UK's Foreign and Commonwealth Office calls on Gulf kingdom to stop plan to paralyse man
The UK has urged Saudi authorities not to follow through on a sentence to paralyse a man in retribution for causing the paralysis of a friend when he was fourteen years old.
The UK's Foreign and Commonwealth Office has called the sentence "grotesque" and called on the Gulf kingdom to ensure the punishment is not carried out.
The UK was responding to reports published on Wednesday that said a Saudi Arabian court had delivered a verdict that a young man should be paralysed as punishment for a crime he committed 10 years ago which resulted in the victim being confined to a wheelchair.
Ali al-Khawaher, 24, was reported to have spent 10 years in jail waiting to be paralysed surgically unless his family pays one million Saudi riyals ($270,000) to the victim.
The Saudi Gazette newspaper reported last week that Khawaher had stabbed a childhood friend in the spine during a dispute a decade ago, paralysing him from the waist down.
Responding to reports, an FCO Spokesperson said: “We are deeply concerned by reports that a Saudi Arabian court has sentenced a man to be paralysed in retribution for causing the paralysis of a friend when he was fourteen years old.
"We urge the Saudi authorities to ensure that this grotesque punishment is not carried out.
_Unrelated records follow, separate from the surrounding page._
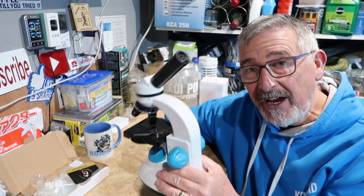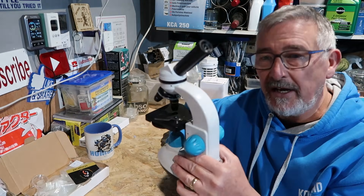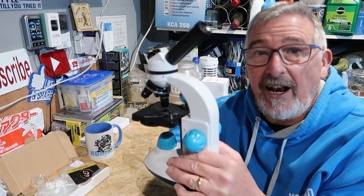Today I'm going to show you the microscope I use, the ones you can get, the cost of them, how they work, and how you can adapt them to make them work for you — little tricks and tips I've learned just through trial and error.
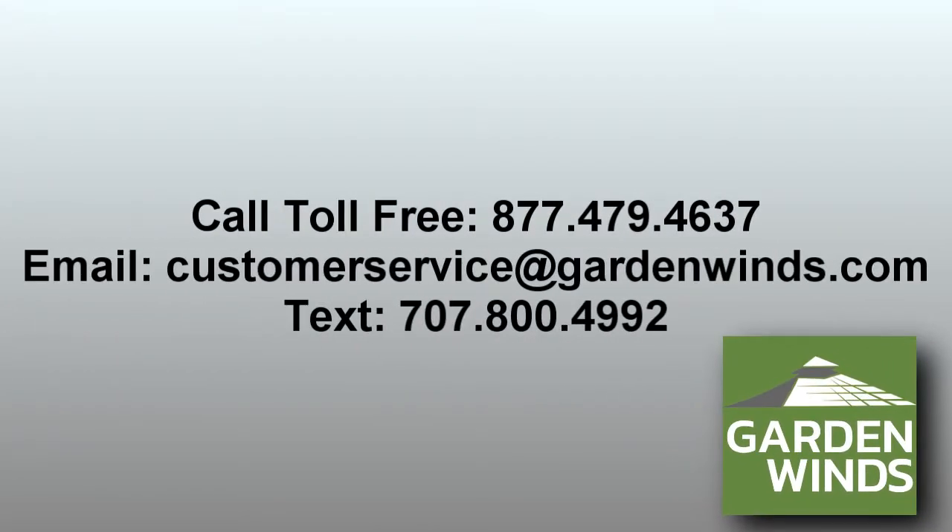If you have any questions, call, text, or email us. We're here to help!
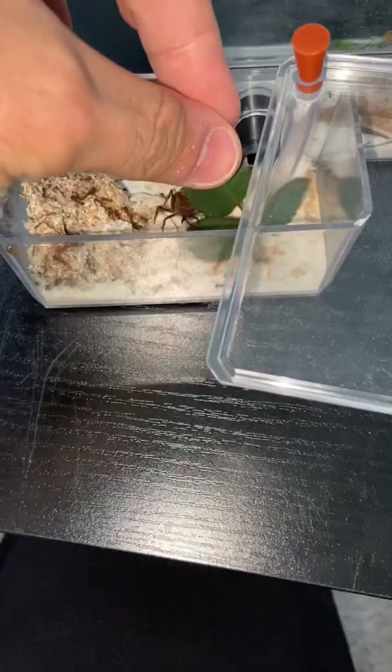The queen was a little bit upset at first but she quickly calmed down. One of the workers actually escaped so I picked it up and put it back in the ant farm.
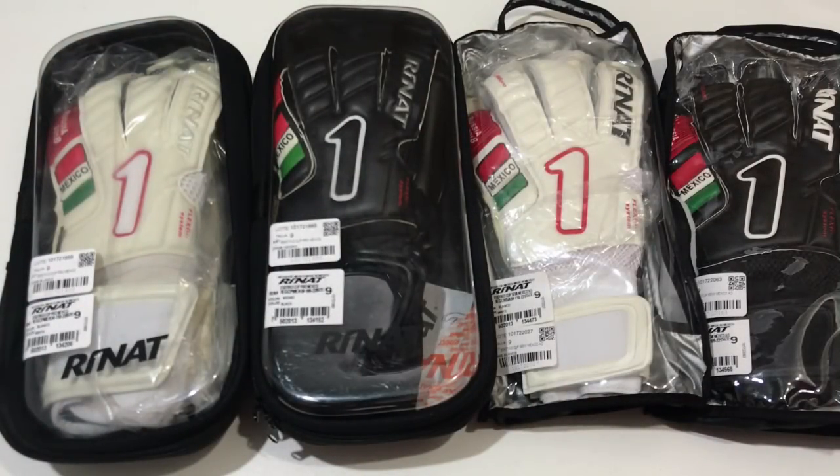¡Hola a todos y bienvenidos a un nuevo video! Hoy tenemos el unboxing y review de estos guantes, edición especial con motivo del Mundial Rusia 2018, la marca RINAT, el modelo es el egótico y a continuación vamos a repasar todas sus características.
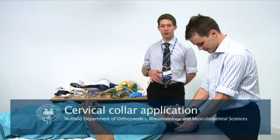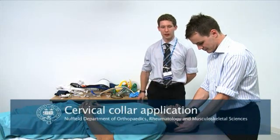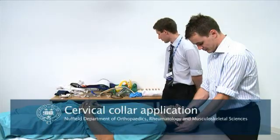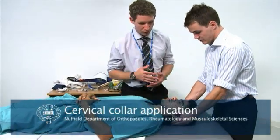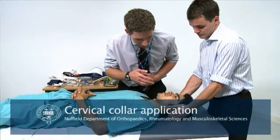This video is going to show you how to apply a cervical collar to an unconscious patient. We begin by sizing the collar with the cervical spine secured by somebody else.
Such practices are prohibited under international law and have no place in any society.”
Earlier this week, Amnesty International also condemned the sentence.
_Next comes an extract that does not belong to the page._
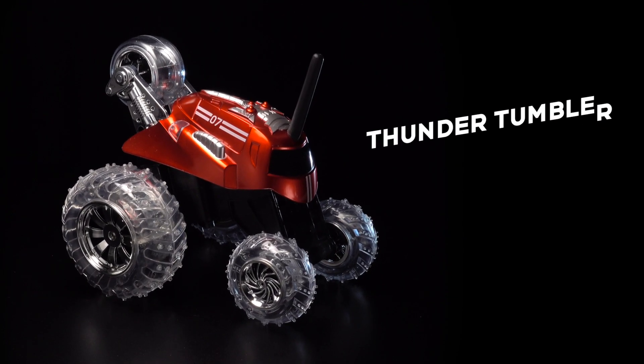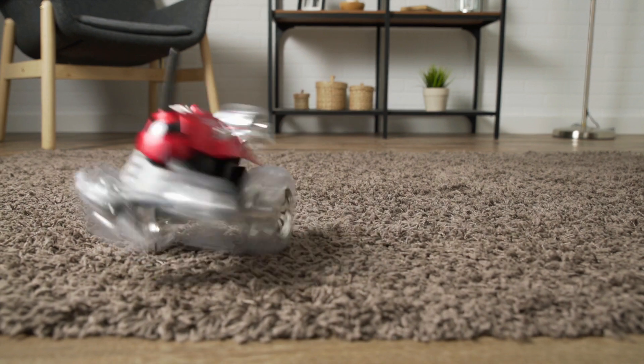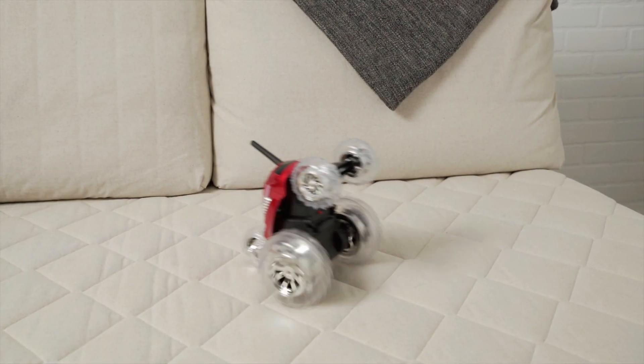Get ready to roll out with the Thunder Tumbler by Sharper Image. This stocky little car puts a unique spin on RC fun. And when it takes a fall, it gets up and gets back on the move for its next challenge.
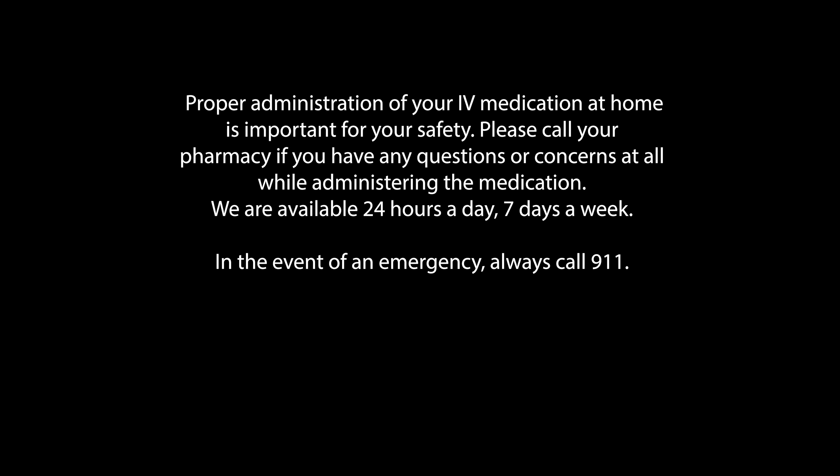Proper administration of your IV medication at home is important for your safety. Please call your pharmacy if you have any questions or concerns at all while administering the medication. We are available 24 hours a day, seven days a week. In the event of an emergency, always call 911.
Saudi Arabia applies Islamic sharia law, which allows eye-for-an-eye punishment for crimes but allows victims to pardon convicts in exchange for so-called blood money.
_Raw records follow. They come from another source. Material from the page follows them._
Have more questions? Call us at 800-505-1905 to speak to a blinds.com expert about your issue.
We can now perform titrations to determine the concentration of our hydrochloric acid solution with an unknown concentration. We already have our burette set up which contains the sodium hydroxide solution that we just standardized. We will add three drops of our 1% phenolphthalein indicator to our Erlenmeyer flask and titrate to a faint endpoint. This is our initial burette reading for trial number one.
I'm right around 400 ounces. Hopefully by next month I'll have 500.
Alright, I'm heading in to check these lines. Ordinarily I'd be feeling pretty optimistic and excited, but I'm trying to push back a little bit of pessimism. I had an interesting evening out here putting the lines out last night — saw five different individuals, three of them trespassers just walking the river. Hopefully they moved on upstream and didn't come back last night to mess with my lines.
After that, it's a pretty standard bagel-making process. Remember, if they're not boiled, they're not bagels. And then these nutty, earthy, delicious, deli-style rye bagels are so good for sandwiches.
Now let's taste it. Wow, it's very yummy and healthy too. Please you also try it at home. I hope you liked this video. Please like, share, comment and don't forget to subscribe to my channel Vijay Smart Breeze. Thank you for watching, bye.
"Paralysing someone as punishment for a crime would be torture," Ann Harrison, Amnesty's Middle East and North Africa Deputy Director, said in a statement late on Tuesday.
Amnesty said the case demonstrated the need for Saudi Arabia to review its laws to "start respecting their international obligations and remove these terrible punishments from the law".
Saudi judges have in the past ordered sharia punishments that include tooth extraction, flogging, eye gouging and - in murder cases - death.